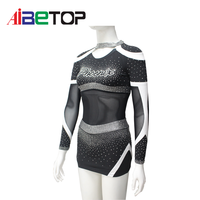 Uniforme de cheerleading de luxe noir et argenté avec strass |   Tenue de performance avec panneau en maille transparente et dos croisé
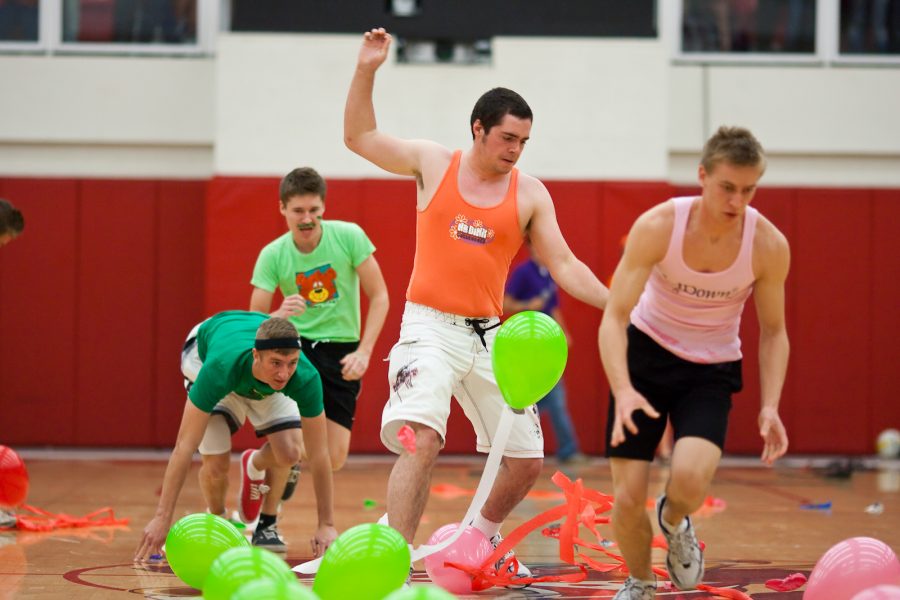 Josh Kaye, Johnny Vanderwell, Chris Mellon, and Chad Lucas race to pop all of their dorms balloons in one of the Nation Balls midway challenges. Photo by Mike Villa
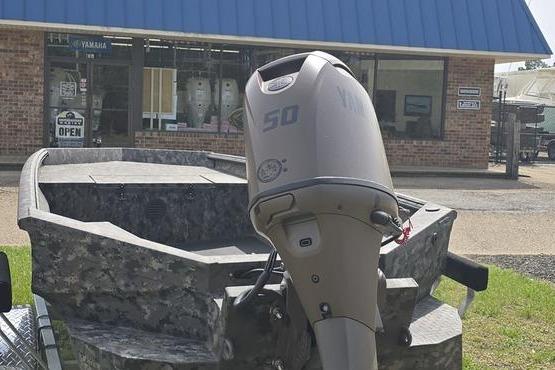 2026 Havoc 1553 VJST boat with outboard motor in front of a store.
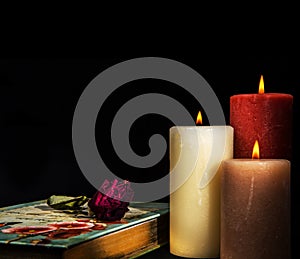 Wilted Faded red rose on book diary with three burning candles. Romantic Concept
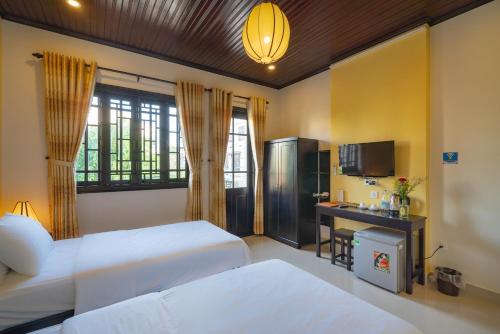 a bedroom with two beds and a desk and a television at Old Lane Homestay in Hoi An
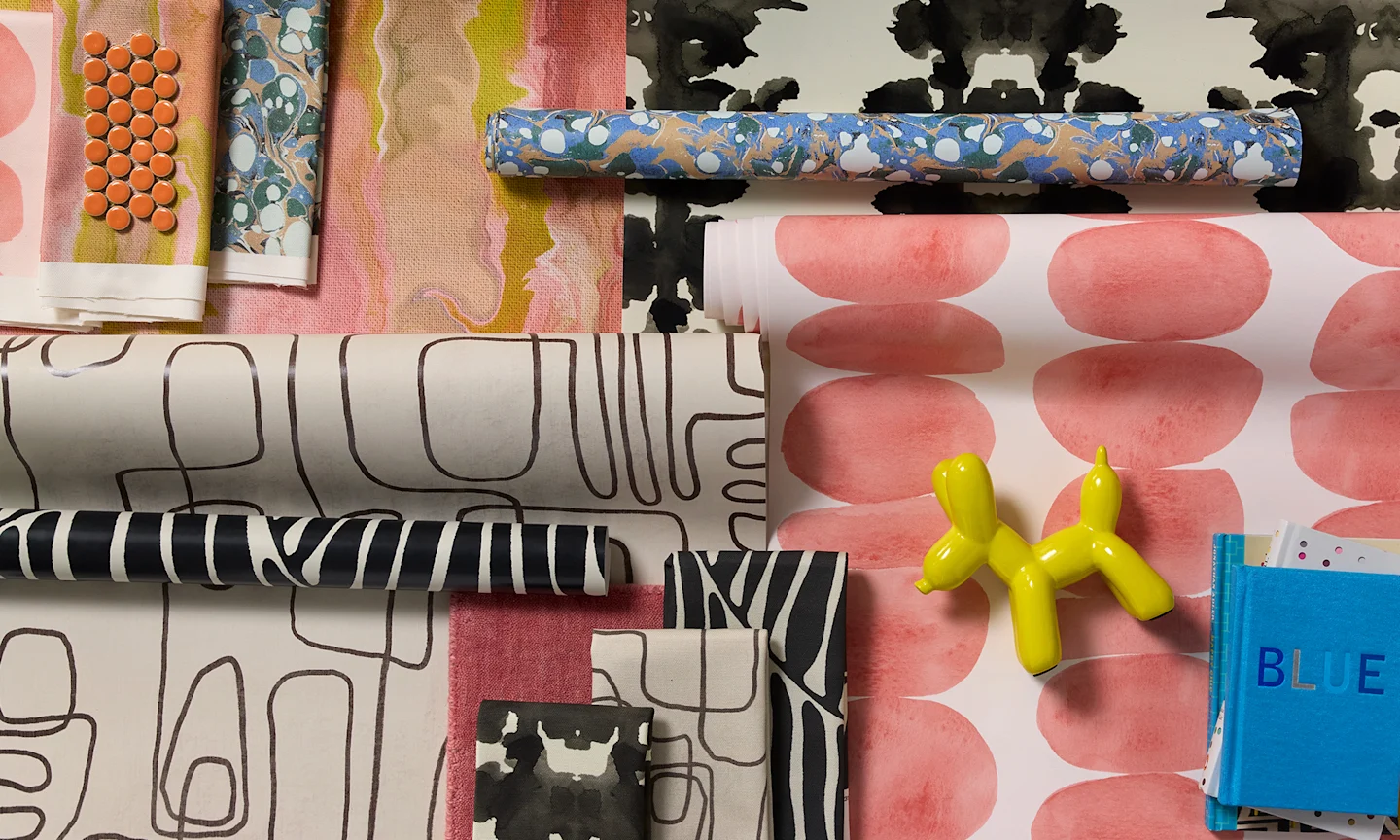 Modern style wallpaper rolls and fabric swatches.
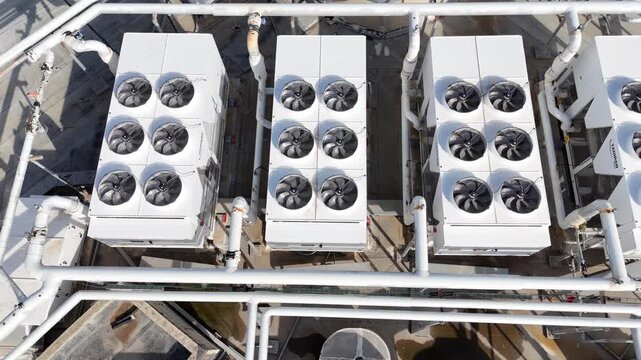 Aerial drone view of industrial rooftop cooling systems and ventilation units. Large HVAC equipment installed on commercial building roofs, including chillers, air conditioning compressors and mechani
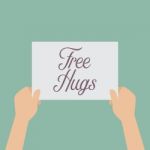 Hands Holding A Free Hugs Sign Stock Photo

══════════

=== Problem requirements ===
Begin with the line holding "Josh Kaye, Johnny" and end with the last line of the listing. Reproduce each of those lines exactly, and leave every picture out.

=== Response to the task ===
 Josh Kaye, Johnny Vanderwell, Chris Mellon, and Chad Lucas race to pop all of their dorms balloons in one of the Nation Balls midway challenges. Photo by Mike Villa
 2026 Havoc 1553 VJST boat with outboard motor in front of a store.
 Wilted Faded red rose on book diary with three burning candles. Romantic Concept
 a bedroom with two beds and a desk and a television at Old Lane Homestay in Hoi An
 Modern style wallpaper rolls and fabric swatches.
 Aerial drone view of industrial rooftop cooling systems and ventilation units. Large HVAC equipment installed on commercial building roofs, including chillers, air conditioning compressors and mechani
 Hands Holding A Free Hugs Sign Stock Photo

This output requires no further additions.